Caption-style text data:
<<<<

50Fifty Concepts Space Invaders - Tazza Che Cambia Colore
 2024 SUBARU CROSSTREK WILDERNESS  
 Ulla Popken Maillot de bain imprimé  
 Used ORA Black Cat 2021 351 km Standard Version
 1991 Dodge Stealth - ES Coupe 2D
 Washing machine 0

>>>>

What you should do:
Output exactly the lines between the one containing "2024 SUBARU CROSSTREK WILDERNESS" and the final line above, both inclusive.

The answer:
 2024 SUBARU CROSSTREK WILDERNESS  
 Ulla Popken Maillot de bain imprimé  
 Used ORA Black Cat 2021 351 km Standard Version
 1991 Dodge Stealth - ES Coupe 2D
 Washing machine 0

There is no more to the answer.